US20140041252A1

US20140041252A1 - Aluminum chip dryers

Info

Publication number: US20140041252A1
Application number: US13/955,156
Authority: US
Inventors: Chris Vild; Robert Bendlak; James Grayson; Mark Bolton; Mark Reynolds; David Quilter
Original assignee: Pyrotek Inc
Current assignee: Pyrotek Inc
Priority date: 2012-07-31
Filing date: 2013-07-31
Publication date: 2014-02-13

Abstract

In accordance with one aspect of an exemplary embodiment, a dryer for removing hydrocarbons and/or moisture from metal chips is provided. The dryer has a chamber including a top portion and a base portion. The top portion is comprised of a material having a higher emissivity than the material forming the base portion. A burner is provided which introduces heated gas into the top portion. A device for transporting the metal chips is provided in the base portion. The device receives the metal chips at an inlet and transporting the metal chips to an outlet.

Description

BACKGROUND

This disclosure relates to a method for the treatment of waste products, in particular, waste products of metals which are contaminated with water, oil and oleaginous cooling agents, and to an apparatus for carrying out such method.
When metals are machined, a number of waste products are automatically produced in the form of particles or chips, e.g. fillings, turnings, borings or machining chips. In the machining of metals, for example, aluminum and aluminum alloys, oil or oil containing cooling fluids may be employed.
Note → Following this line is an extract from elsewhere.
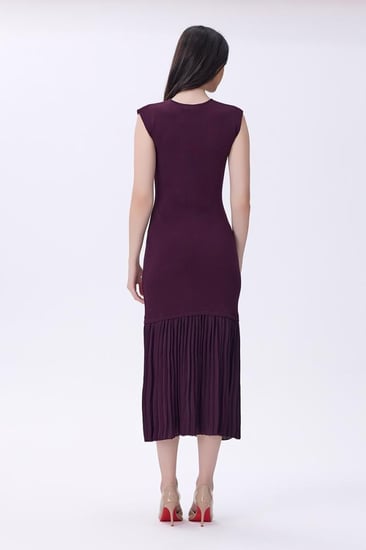 فستان بورغندي مزين باللؤلؤ وتنورة بليسيه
The machined chips will therefore be contaminated with oil. In a typical situation, the borings and turnings will include, by weight, from 2 to 20 percent of the cutting oil. The use of solvents will remove the oil from the oil-coated chips quite well. However, this is an expensive method and not desirable from an environmental point of view.
Nonetheless, recovery of the scrap borings, turnings and chips is desirable in view of the cost of basic materials. However, the high moisture and hydrocarbon content in the material creates a dangerous situation of moisture expansion or explosion within the furnace. In addition, the hydrocarbon content will create contamination, melt loss and excessive smoking. Accordingly, direct introduction of the material into a molten metal environment is, for all practical purposes, nearly impossible.
Various attempts have been made in the industry to overcome the foregoing problems by removing the moisture and hydrocarbons from the material. A recovery process used for chips is centrifuging and/or washing of the chips with a subsequent drying process. The washers will basically dissolve the hydrocarbon leaving the chips somewhat free of the hydrocarbons but still heavy with moisture. The wet material is then dried. The centrifuge can remove both hydrocarbon content and water to a certain extent. Also, several thermal dryers have been developed which uses various means of heating the products with hot air and require separate ducting, cyclone and pollution control system to treat the exhaust.
The present disclosure provides a description of an improved apparatus to provide scrap pieces having very low hydrocarbon and water content.

BRIEF DESCRIPTION

In accordance with one aspect of an exemplary embodiment, a dryer for removing hydrocarbons and/or moisture from metal chips is provided. The dryer has a chamber including a top portion and a base portion. The top portion is comprised of a material having a higher emissivity than the material forming the base portion. A burner is provided which introduces heated gas into the top portion. A device for transporting the metal chips is provided in the base portion. The device receives the metal chips at an inlet and transports the metal chips to an outlet.
According to a second embodiment, a dryer for removing hydrocarbons and/or moisture from metal chips is provided. The dryer has an elongated chamber with an inlet end and an outlet end. The chamber includes a heat source. A conveyor is disposed asymmetrically within the chamber and extends between the inlet end and the outlet end.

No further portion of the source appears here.